Directions: Exact transcription of the data below is required, without the images.

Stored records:
=== Section Start ===

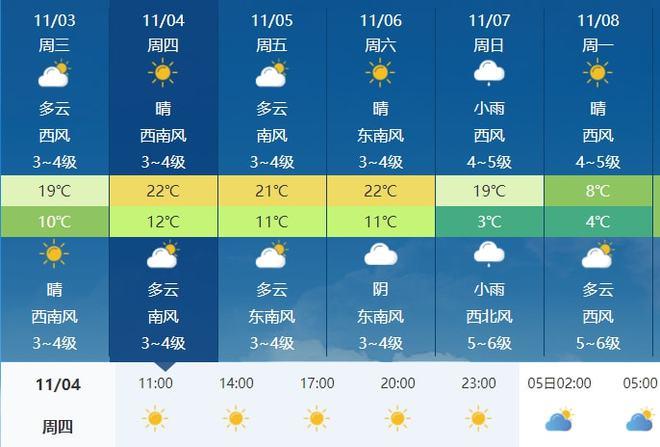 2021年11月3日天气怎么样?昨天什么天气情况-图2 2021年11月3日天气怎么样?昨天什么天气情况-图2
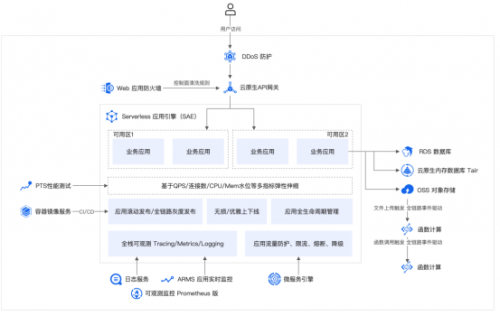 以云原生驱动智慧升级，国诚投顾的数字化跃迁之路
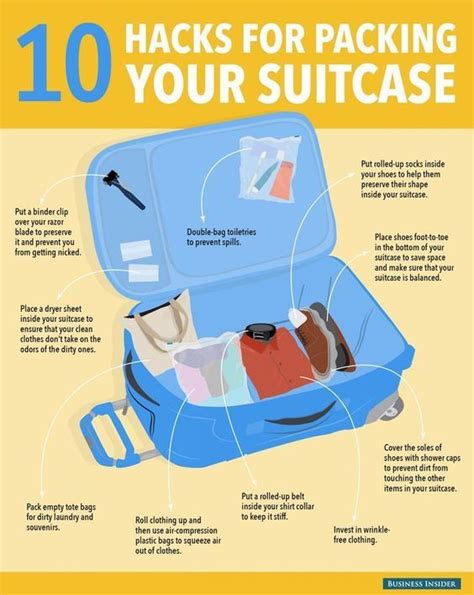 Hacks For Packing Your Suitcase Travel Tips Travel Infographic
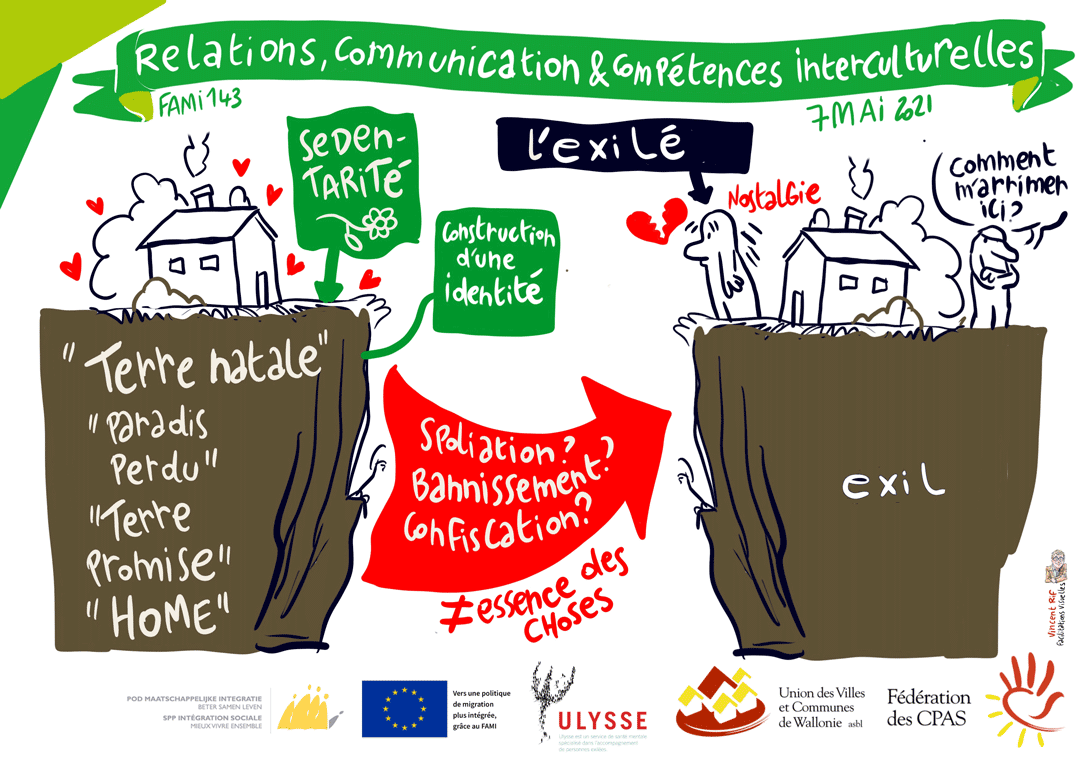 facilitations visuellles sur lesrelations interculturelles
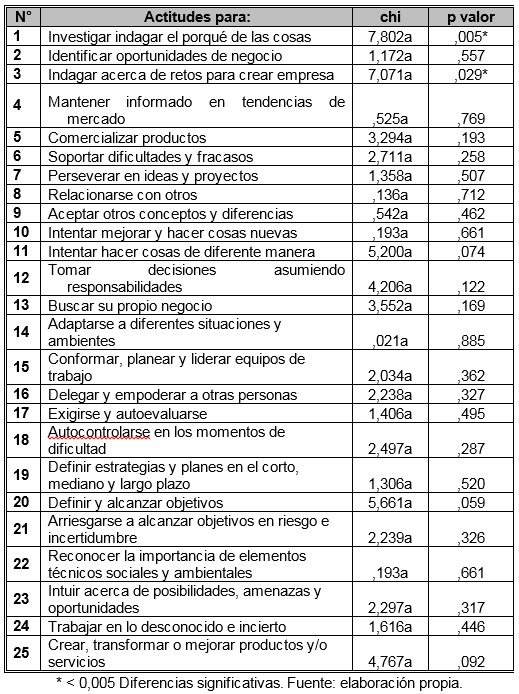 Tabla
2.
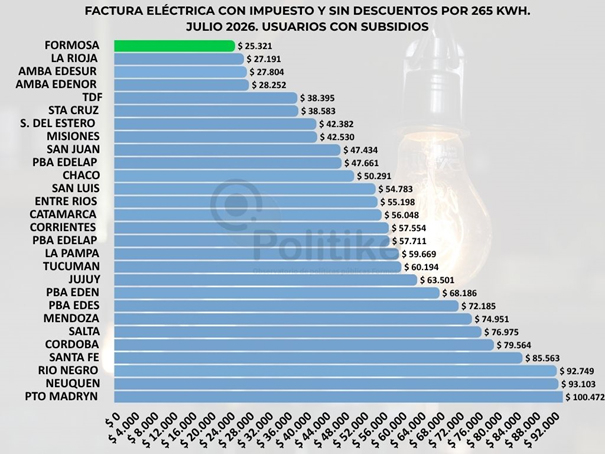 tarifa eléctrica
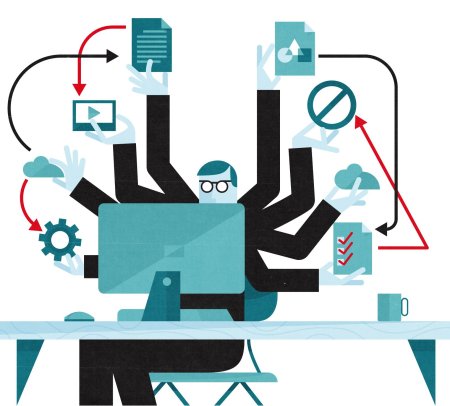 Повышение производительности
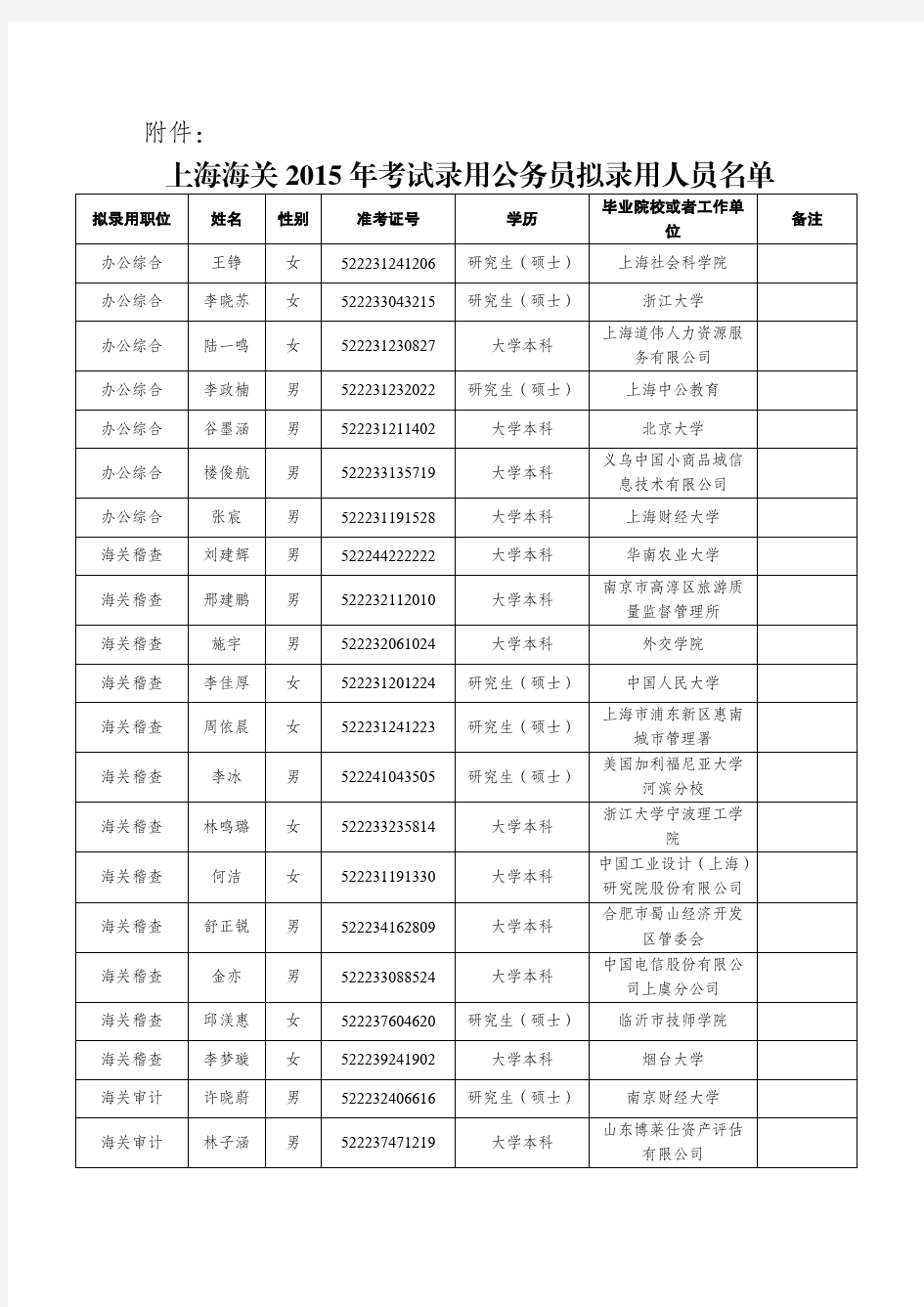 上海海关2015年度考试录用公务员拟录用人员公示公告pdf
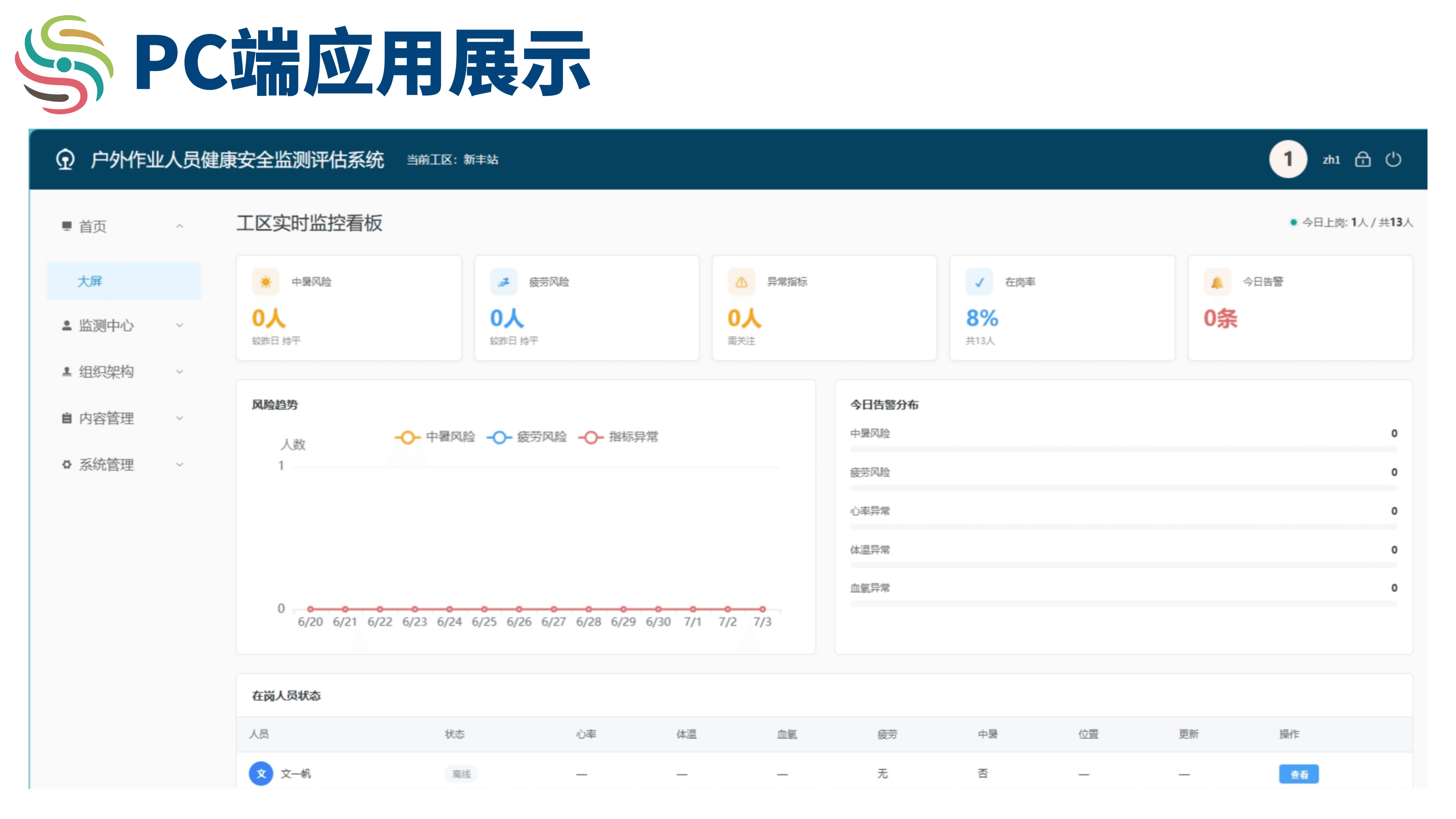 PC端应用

=== Section End ===

Written reply:
 2021年11月3日天气怎么样?昨天什么天气情况-图2 2021年11月3日天气怎么样?昨天什么天气情况-图2
 以云原生驱动智慧升级，国诚投顾的数字化跃迁之路
 Hacks For Packing Your Suitcase Travel Tips Travel Infographic
 facilitations visuellles sur lesrelations interculturelles
 Tabla
2.
 tarifa eléctrica
 Повышение производительности
 上海海关2015年度考试录用公务员拟录用人员公示公告pdf
 PC端应用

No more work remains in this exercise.